──────── Provided material

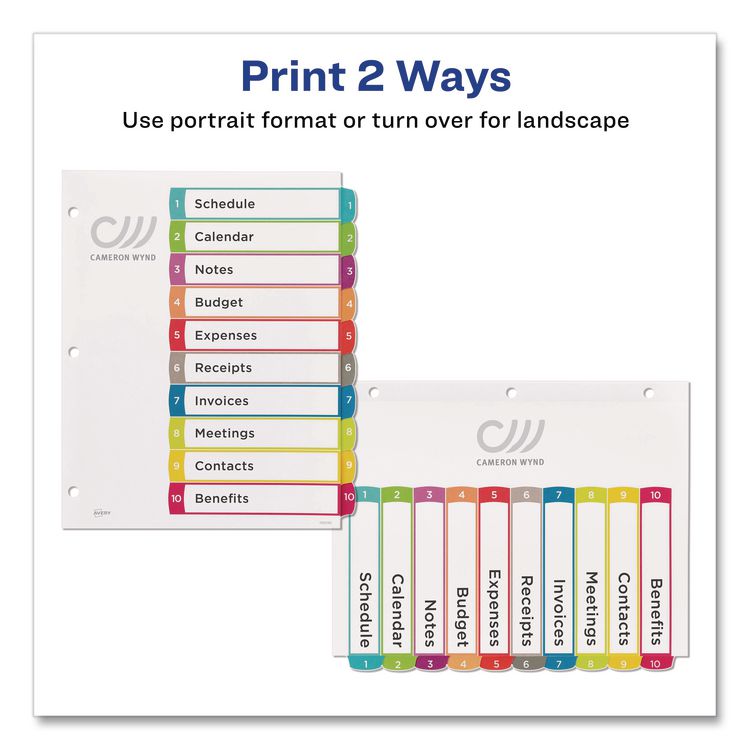 Customizable TOC Ready Index Multicolor Tab Dividers, 10-Tab, 1 to 10, 11 x 8.5, White, Contemporary Color Tabs, 1 Set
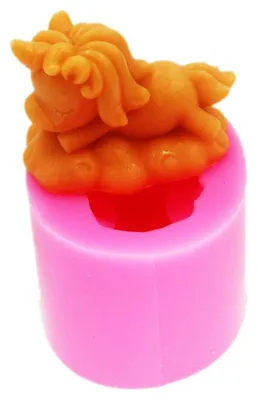 Produktbild von Einhorn-Silikonform für Seife, Kuchen, Schokolade, Eiswürfel Rosa 7,5x6x5cm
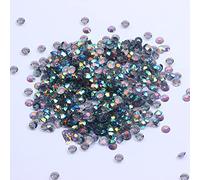 MajorCrafts 3000pcs 3mm ss12 Transparent AB Flat Back Round 14 Facets Resin Rhinestones Arts and Crafts Embellishment Gems (Clear Grey AB T17)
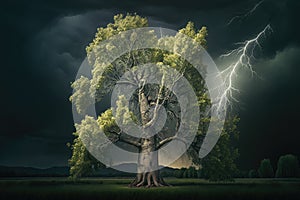 Maginficent Large Balsam Poplar Tree Lightning Dark Clouds Sky by Generative AI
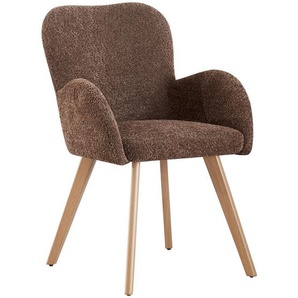 Mid.you Armlehnstuhl Boucle, Braun, Eiche, Holz, Textil, konisch, 57x85x63 cm, Fsc, Bsci, inklusive Armlehnen, Esszimmer, Stühle, Esszimmerstühle,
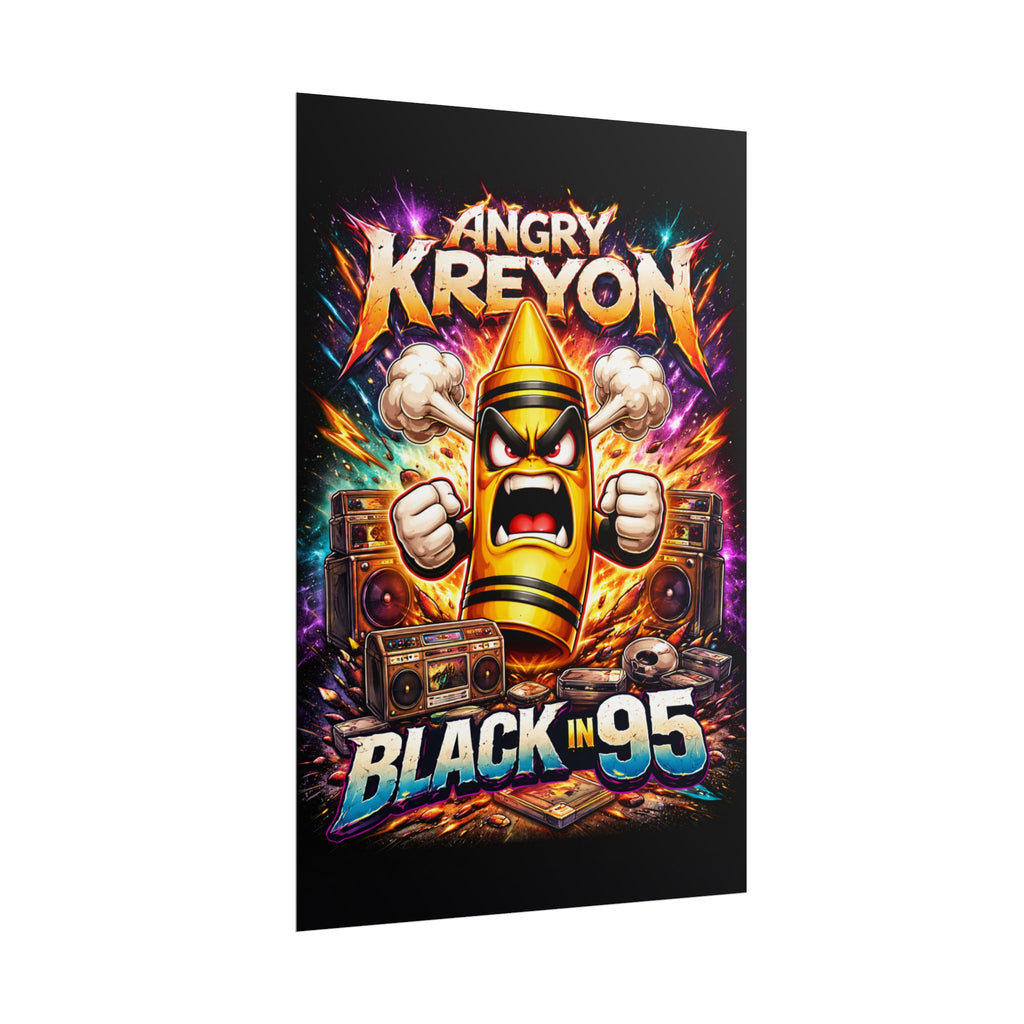 Rolled Poster — Angry Kreyon "Black in 95" Color Retro Gamer Art Print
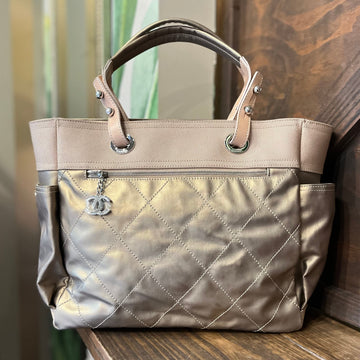 CHANEL Paris Biarritz Large Metallic Gold Coated Canvas Tote Bag ADI11203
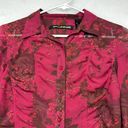 DKNY DNKY Jeans Women's Sheer Floral Print Collared Top Button-Down Blouse Sz S Photo 1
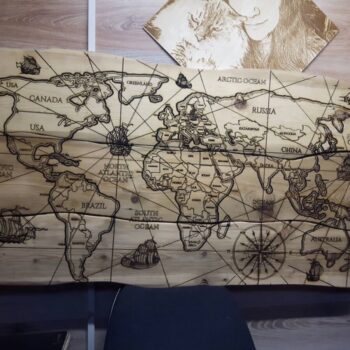 Intra απο ξύλο plywood 3mm-4mm πάχος - Χάρτης του κόσμου με χαραγμένο με λέιζερ Δίασταση 30x30 cm Intraeaxys-91jdqx41 - Image 3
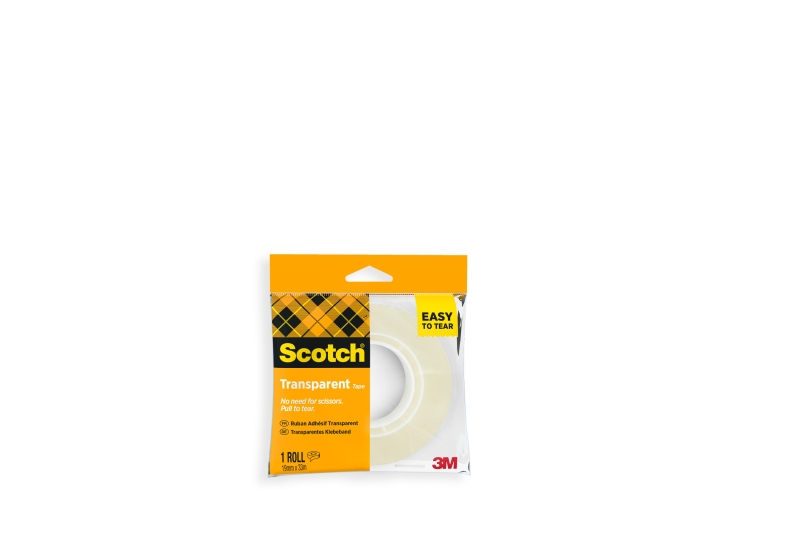 Scotch Pack de 8 Cintas Adhesivas - Facil de Cortar - 19mm x 33m - Color Transparente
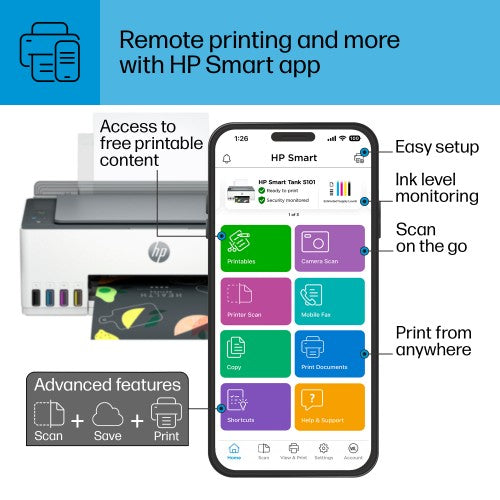 HP Smart Tank 5101 Wireless All-in-One Color Printer, Copier, Scanner
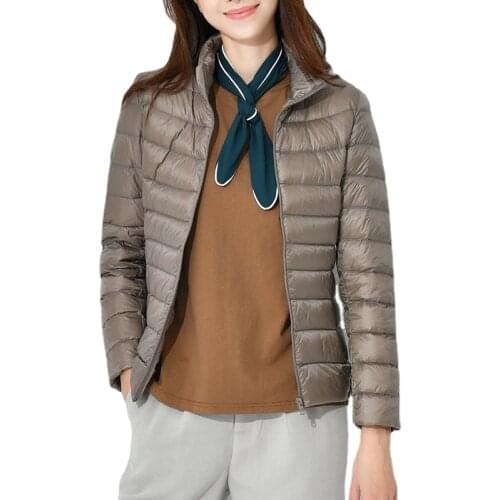 S-8XL Women Thin White Duck Down Jacket Parka Female Ultra Light Down Coat Short Tops Plus Size Female Solid Portable Outwear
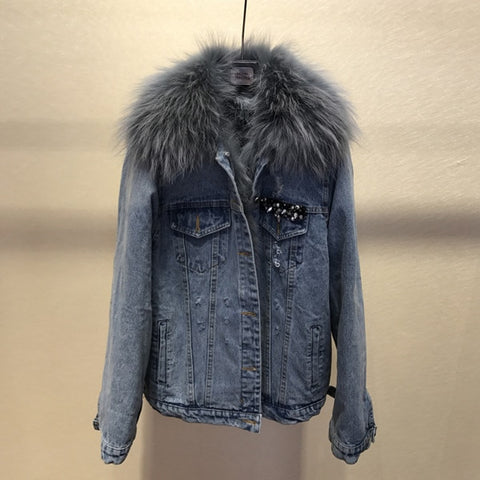 New arrival women winter Fur Denim jackets coat Korean style warm short coat D850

────────────────

What the task asks:
A word-for-word copy is needed of the lines from the line with "S-8XL Women Thin" through the last line of the entries above, with both ends kept and the pictures dropped.

Response area:
 S-8XL Women Thin White Duck Down Jacket Parka Female Ultra Light Down Coat Short Tops Plus Size Female Solid Portable Outwear
 New arrival women winter Fur Denim jackets coat Korean style warm short coat D850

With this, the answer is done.